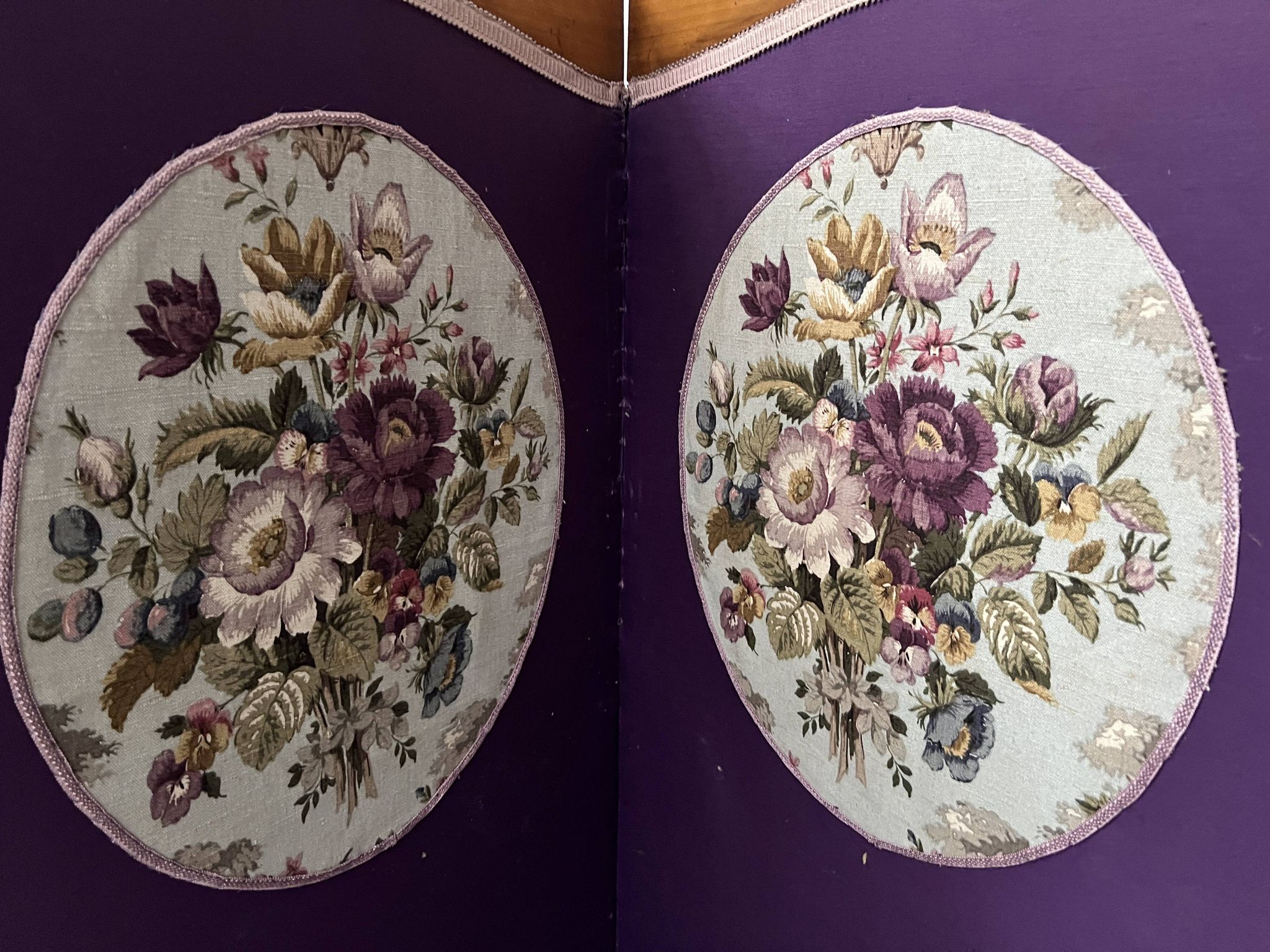 Four-panel screen decorated with an oval tapestry from the 20th century.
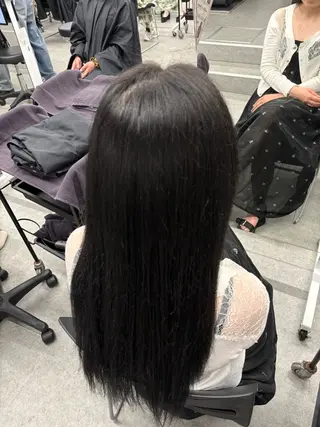 カラー 透明感カラー🫧 EMAのヘアスタイル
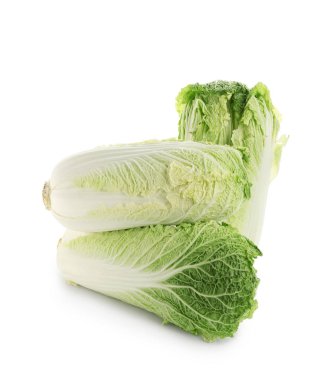 Beyaz arka plan üzerinde olgunlaşmış taze lahana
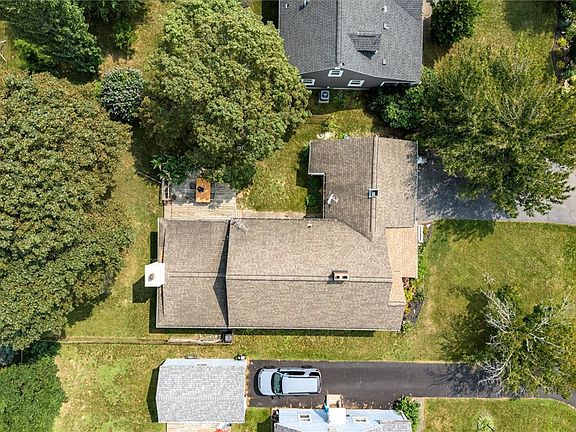 3rd image of 304 Garford Rd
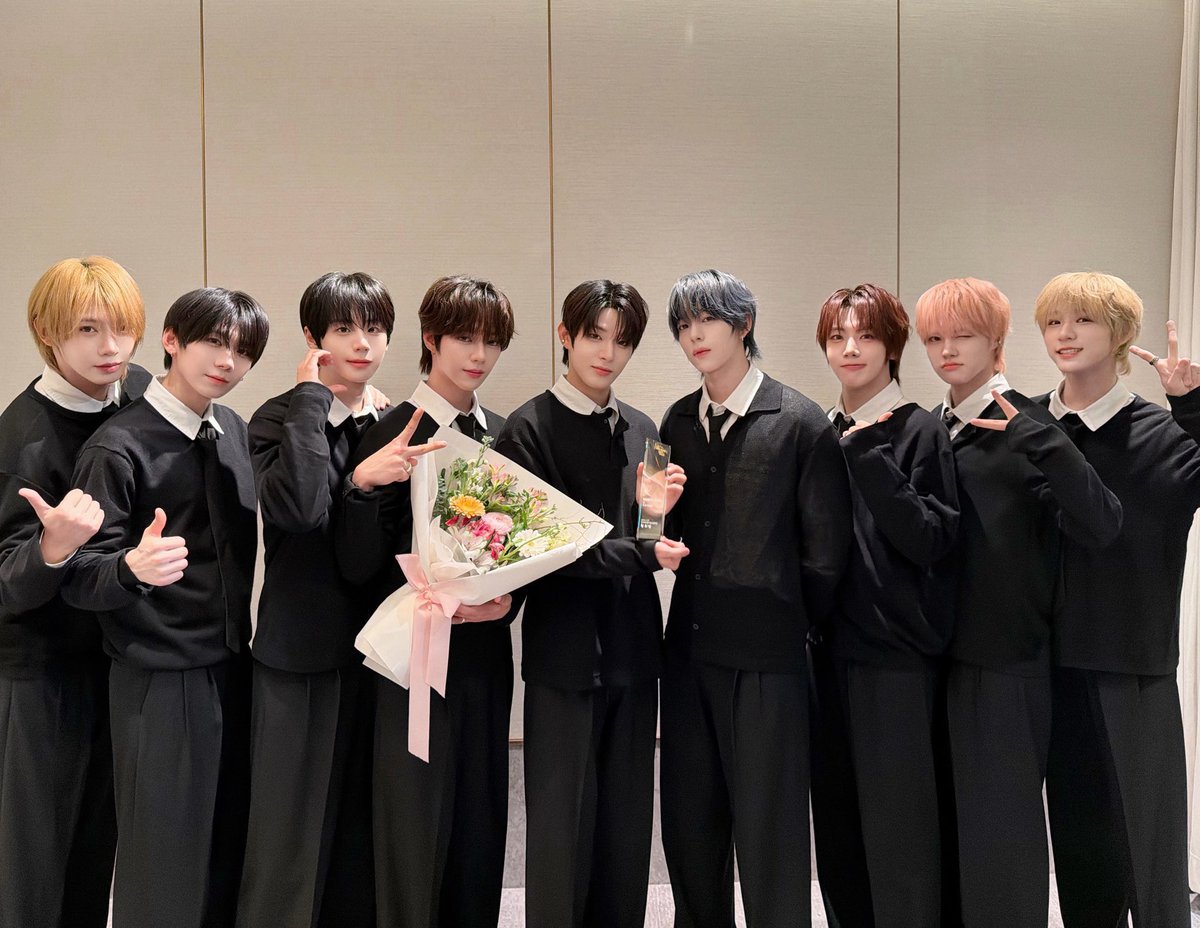 PopPlanet_'s tweet photo. AHOF Marks 1st Debut Anniversary Since “Who We Are.”

#AHOF #아홉 @AHOF_official https://t.co/WQvWYJPib6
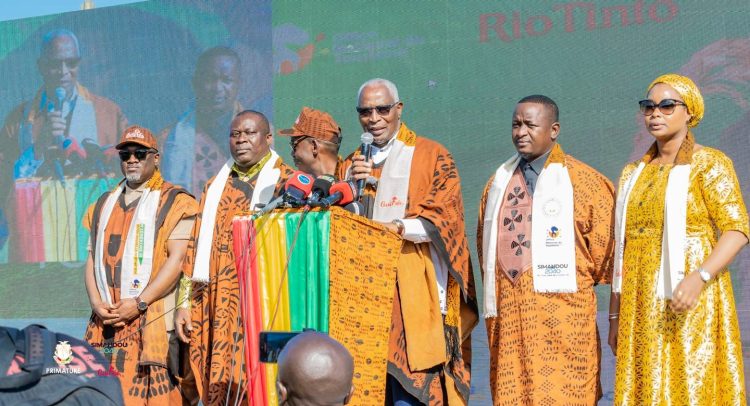 Le gouvernement lance la saison touristique 2025-2026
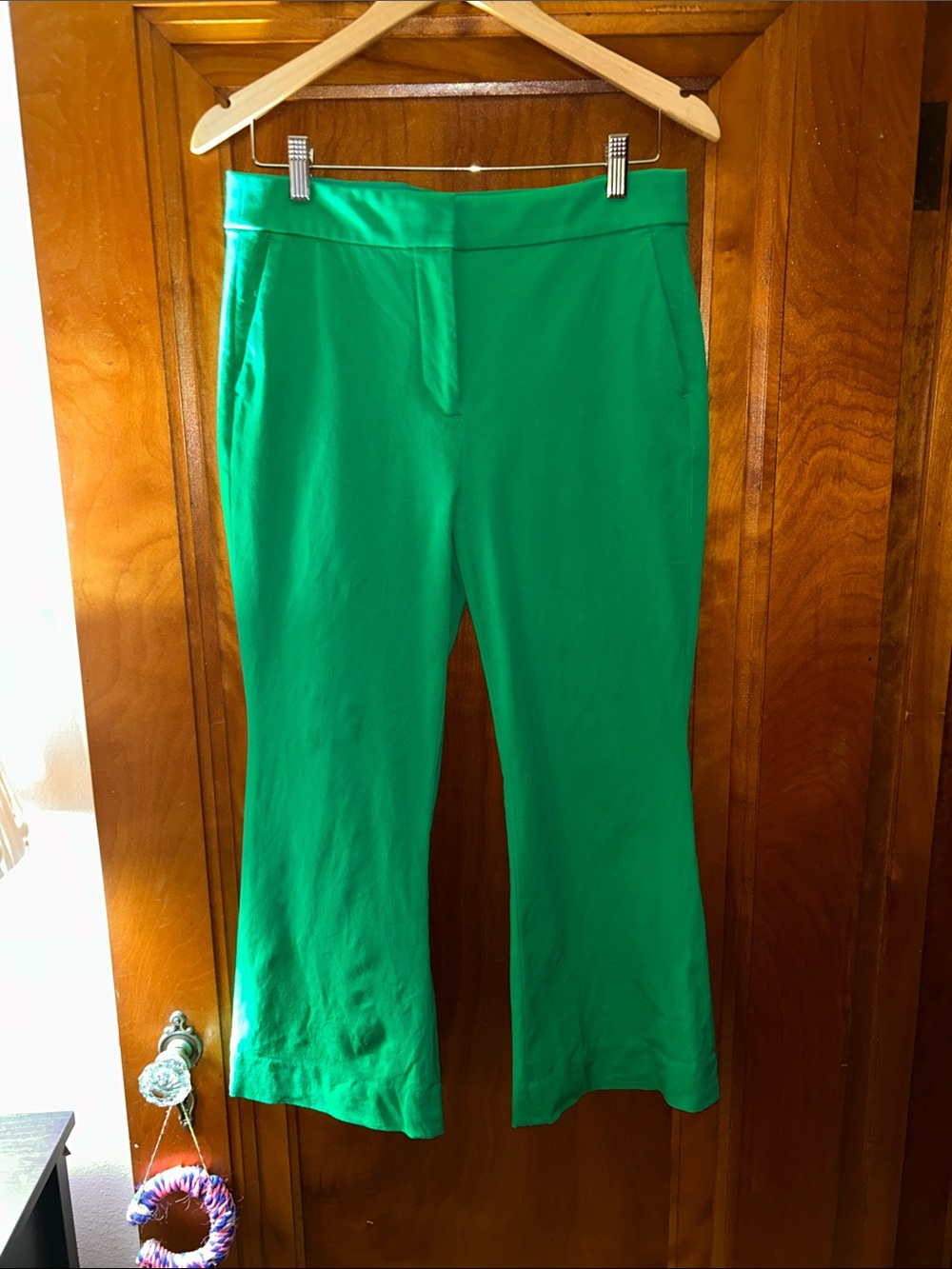 J.Crew Factory Kelly Green Cropped Flare Kelsey Pant; Sz 8
See pics for more.
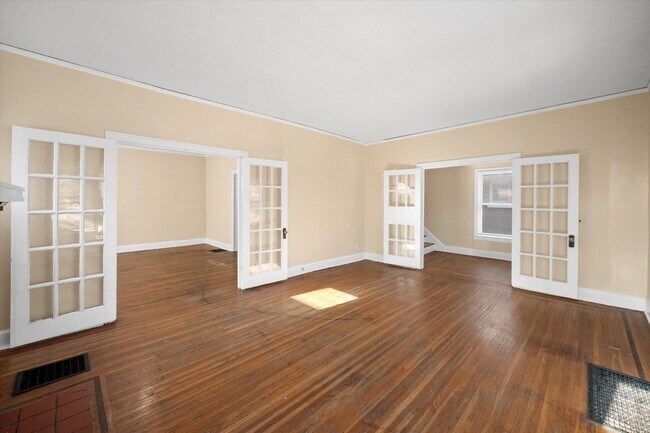 Building Photo - Spacious 4BR/2BA Home with Hardwood Floors Throughout!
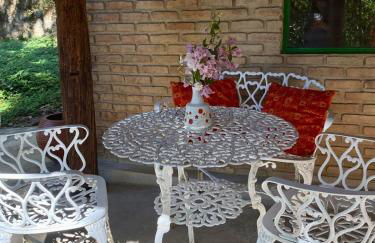 Casa charmosa em condomínio arborizado - Foto 8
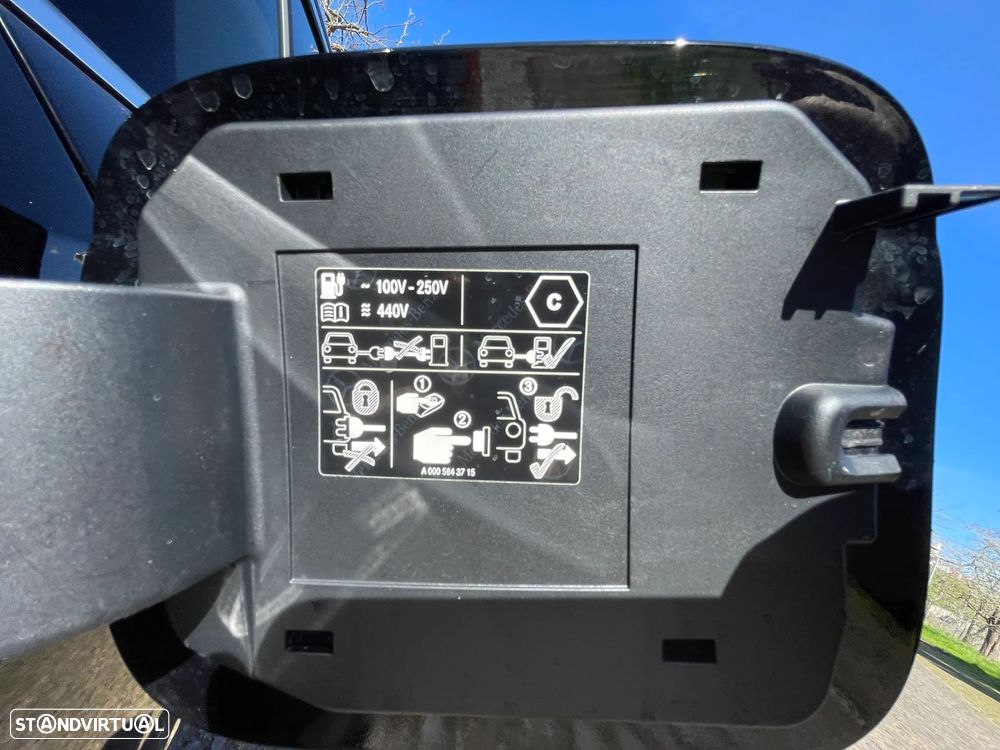 Mercedes-Benz A 250 - 23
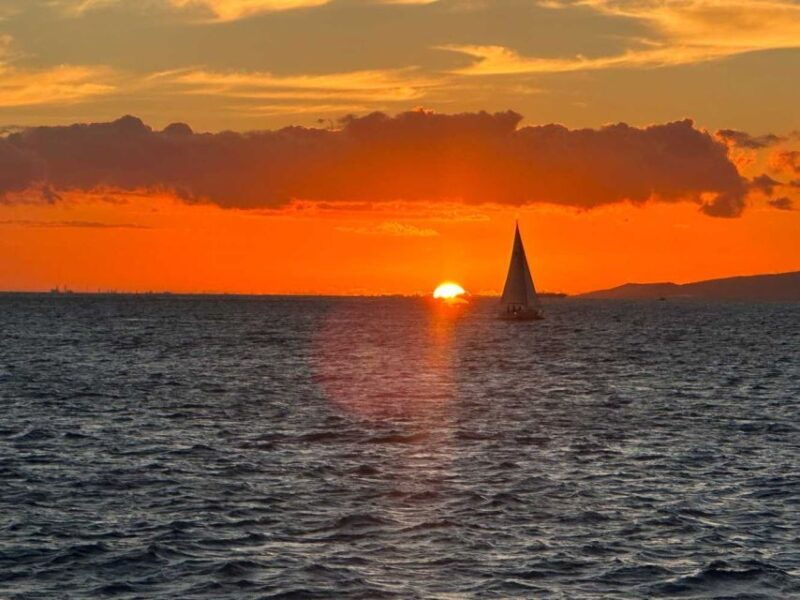 oahu-sunset-sailing-in-small-intimate-groups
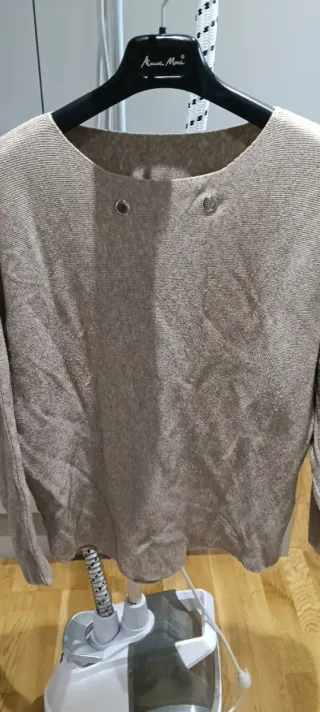 Lote di magliette e felpe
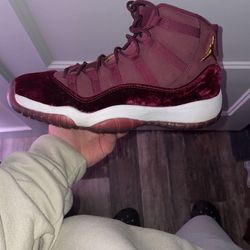 Women’s Jordan 11 Velvet Posted for HALF THE PRICE because of the missing box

• _WHAT YOU SHOULD DO_
Would you please print only the lines running from the one with "J.Crew Factory Kelly" to the final line of the entries above, exactly as written and without pictures?

• _RESPONSE_
 J.Crew Factory Kelly Green Cropped Flare Kelsey Pant; Sz 8
See pics for more.
 Building Photo - Spacious 4BR/2BA Home with Hardwood Floors Throughout!
 Casa charmosa em condomínio arborizado - Foto 8
 Mercedes-Benz A 250 - 23
 oahu-sunset-sailing-in-small-intimate-groups
 Lote di magliette e felpe
 Women’s Jordan 11 Velvet Posted for HALF THE PRICE because of the missing box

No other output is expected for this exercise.